Google addressed some questions going around the SEO community as of late related to neural matching and how it’s used in search.
Danny Sullivan, via Google’s Search Liaison account, published a series of tweets explaining the difference between neural matching and RankBrain.
Here is an overview of what was shared by Sullivan.
How Google Uses Neural Matching
Neural matching helps Google better relate words to searches. It’s an AI-based system that has been in use since 2018.
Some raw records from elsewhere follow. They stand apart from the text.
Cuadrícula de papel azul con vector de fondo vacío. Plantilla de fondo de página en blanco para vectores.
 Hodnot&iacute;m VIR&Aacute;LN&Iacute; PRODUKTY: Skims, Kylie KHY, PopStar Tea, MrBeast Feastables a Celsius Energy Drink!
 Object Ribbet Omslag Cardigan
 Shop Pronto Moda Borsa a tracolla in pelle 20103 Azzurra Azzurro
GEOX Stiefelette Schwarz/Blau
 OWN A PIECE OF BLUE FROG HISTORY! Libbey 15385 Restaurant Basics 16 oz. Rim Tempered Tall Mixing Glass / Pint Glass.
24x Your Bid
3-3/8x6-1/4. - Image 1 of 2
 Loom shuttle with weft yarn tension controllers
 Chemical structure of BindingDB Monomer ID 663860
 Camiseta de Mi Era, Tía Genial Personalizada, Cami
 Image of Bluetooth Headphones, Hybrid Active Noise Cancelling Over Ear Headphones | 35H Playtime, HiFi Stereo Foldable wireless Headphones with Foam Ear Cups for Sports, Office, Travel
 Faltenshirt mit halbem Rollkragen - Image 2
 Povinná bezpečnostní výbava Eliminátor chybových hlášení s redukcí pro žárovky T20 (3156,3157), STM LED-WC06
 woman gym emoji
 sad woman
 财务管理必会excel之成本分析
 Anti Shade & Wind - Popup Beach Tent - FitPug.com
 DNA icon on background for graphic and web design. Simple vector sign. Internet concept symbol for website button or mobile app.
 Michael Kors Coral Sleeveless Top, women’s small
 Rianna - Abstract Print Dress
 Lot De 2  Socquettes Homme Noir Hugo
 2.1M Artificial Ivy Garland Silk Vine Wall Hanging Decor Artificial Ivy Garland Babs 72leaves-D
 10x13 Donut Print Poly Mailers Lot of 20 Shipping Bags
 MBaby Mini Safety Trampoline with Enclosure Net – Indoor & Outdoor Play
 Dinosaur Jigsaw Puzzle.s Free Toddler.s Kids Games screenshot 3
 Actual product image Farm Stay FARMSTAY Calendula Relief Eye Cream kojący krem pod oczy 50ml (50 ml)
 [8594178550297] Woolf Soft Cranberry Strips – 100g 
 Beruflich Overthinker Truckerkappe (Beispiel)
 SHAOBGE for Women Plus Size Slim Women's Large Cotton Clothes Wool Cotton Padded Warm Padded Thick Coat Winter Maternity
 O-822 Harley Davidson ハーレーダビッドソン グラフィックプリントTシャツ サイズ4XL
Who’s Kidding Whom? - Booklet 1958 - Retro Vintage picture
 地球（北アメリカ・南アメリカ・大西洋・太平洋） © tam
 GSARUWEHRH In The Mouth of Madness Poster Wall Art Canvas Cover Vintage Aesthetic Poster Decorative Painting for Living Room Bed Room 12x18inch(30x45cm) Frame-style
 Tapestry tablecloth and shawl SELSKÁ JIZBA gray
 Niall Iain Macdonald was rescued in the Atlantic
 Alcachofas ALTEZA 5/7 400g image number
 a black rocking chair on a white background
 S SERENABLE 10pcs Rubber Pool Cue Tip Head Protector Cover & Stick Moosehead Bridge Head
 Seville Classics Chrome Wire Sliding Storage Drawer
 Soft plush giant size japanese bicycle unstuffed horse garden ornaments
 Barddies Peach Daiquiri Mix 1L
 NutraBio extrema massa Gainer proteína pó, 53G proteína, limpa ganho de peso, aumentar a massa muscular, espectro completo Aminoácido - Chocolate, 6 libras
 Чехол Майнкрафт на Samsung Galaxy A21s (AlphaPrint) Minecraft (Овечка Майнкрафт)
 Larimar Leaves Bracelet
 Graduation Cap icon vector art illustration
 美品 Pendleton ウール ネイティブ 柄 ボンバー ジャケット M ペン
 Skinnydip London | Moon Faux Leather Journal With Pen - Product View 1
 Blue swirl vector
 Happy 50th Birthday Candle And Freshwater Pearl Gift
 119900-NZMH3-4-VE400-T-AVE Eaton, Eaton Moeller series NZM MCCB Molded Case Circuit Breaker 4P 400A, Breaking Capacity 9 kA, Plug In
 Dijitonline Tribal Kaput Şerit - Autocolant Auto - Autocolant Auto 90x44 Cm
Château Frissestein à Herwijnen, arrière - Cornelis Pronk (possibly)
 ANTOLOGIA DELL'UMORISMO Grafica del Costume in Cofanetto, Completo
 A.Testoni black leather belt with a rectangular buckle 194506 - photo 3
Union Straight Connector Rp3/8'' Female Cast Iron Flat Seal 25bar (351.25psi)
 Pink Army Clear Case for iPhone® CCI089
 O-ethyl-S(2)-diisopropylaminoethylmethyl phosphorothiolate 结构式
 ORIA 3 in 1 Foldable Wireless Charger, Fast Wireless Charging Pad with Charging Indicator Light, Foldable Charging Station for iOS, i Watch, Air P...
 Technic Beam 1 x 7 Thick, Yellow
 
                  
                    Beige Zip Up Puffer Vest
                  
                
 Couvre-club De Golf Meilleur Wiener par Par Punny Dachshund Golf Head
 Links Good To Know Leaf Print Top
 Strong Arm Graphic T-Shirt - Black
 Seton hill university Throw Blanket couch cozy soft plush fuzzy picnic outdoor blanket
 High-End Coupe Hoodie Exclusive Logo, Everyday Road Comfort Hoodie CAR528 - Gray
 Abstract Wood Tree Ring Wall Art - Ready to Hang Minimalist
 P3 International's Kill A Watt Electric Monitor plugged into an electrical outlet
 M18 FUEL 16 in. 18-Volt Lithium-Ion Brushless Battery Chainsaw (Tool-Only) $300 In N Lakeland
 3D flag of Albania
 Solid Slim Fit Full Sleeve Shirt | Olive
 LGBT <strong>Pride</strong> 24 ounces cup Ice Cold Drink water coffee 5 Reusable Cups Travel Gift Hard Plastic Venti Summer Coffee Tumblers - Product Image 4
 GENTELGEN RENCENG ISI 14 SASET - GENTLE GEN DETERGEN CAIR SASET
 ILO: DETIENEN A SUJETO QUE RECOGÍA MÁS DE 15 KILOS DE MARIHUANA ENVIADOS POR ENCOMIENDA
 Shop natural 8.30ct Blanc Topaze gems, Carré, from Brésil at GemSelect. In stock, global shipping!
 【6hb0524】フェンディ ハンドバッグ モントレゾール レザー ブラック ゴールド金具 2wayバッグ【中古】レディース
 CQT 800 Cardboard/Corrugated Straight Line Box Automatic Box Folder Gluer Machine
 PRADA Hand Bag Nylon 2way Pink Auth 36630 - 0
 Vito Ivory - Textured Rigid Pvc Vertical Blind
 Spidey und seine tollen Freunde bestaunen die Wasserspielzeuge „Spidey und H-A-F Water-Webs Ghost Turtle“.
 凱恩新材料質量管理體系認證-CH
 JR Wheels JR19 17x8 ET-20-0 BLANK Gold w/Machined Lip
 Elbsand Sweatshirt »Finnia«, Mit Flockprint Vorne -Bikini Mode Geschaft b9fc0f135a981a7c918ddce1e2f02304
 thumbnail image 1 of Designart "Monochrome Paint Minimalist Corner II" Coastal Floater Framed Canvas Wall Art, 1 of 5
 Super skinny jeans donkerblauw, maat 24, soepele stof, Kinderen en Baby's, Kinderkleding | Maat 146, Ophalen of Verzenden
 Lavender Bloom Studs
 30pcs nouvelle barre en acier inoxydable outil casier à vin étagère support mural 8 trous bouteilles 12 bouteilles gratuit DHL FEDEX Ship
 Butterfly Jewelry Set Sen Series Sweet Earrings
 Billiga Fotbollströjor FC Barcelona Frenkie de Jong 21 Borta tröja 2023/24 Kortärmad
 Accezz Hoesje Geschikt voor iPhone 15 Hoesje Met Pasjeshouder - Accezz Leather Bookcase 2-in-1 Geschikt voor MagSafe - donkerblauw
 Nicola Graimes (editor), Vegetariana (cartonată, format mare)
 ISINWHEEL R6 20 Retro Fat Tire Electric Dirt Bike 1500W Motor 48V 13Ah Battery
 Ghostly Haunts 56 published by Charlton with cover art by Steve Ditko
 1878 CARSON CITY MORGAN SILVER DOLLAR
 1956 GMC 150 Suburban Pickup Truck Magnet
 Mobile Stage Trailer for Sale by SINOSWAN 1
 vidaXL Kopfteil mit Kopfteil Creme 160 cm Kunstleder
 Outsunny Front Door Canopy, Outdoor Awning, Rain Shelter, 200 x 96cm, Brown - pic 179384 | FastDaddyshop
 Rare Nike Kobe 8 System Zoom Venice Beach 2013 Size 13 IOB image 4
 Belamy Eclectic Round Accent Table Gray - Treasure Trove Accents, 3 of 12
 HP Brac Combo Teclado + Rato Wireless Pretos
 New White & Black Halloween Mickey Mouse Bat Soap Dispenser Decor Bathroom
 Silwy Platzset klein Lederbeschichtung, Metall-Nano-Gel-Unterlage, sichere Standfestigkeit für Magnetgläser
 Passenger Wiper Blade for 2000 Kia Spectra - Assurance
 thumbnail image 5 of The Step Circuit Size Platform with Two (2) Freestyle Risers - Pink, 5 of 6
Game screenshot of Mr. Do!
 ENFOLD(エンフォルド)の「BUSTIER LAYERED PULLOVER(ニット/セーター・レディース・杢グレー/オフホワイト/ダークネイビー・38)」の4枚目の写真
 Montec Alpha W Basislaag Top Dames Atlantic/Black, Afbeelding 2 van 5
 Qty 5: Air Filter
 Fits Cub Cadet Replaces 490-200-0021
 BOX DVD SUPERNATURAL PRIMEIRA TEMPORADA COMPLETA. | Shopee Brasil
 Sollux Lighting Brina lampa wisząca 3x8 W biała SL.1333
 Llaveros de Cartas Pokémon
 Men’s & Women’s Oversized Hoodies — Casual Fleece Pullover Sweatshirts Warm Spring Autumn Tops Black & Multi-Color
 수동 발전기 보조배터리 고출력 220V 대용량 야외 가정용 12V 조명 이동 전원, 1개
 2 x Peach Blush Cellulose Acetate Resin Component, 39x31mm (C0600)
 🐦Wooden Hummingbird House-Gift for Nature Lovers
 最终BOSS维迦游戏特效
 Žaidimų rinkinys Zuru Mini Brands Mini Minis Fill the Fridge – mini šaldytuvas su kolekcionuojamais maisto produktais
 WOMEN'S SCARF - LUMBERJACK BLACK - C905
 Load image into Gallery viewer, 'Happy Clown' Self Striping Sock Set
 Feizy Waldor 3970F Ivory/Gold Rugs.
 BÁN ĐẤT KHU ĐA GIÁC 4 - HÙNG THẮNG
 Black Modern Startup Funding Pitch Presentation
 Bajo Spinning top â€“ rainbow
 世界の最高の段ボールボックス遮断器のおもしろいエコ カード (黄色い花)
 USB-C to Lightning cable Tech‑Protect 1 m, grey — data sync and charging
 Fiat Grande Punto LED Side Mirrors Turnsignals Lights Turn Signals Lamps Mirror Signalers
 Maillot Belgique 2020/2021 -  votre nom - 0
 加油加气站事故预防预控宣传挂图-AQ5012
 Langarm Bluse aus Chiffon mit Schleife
Sullivan describes neural matching as a “super-synonym” system:
“For example, neural matching helps us understand that a search for “why does my TV look strange” is related to the concept of “the soap opera effect.” We can then return pages about the soap opera effect, even if the exact words aren’t used…”
In September 2018, Google stated that neural matching is used in 30% of searches.
It’s not known how widely used neural matching is right now, though it would be reasonable to assume its use has only expanded.
Sullivan’s description of neural matching closely resembles what my colleague Roger Montti wrote about it last year: What is Google’s Neural Matching Algorithm?
What is RankBrain?
RankBrain helps Google relate pages to concepts, even when the pages do not include the exact words used in a query.
It’s also an AI-based system which has been in use since 2016, two years before Google implemented neural matching.
There are theories which suggest RankBrain also takes into account user behavior signals, but those theories have been debunked.
So, to sum up, RankBrain relates pages to concepts and neural matching relates words to searches.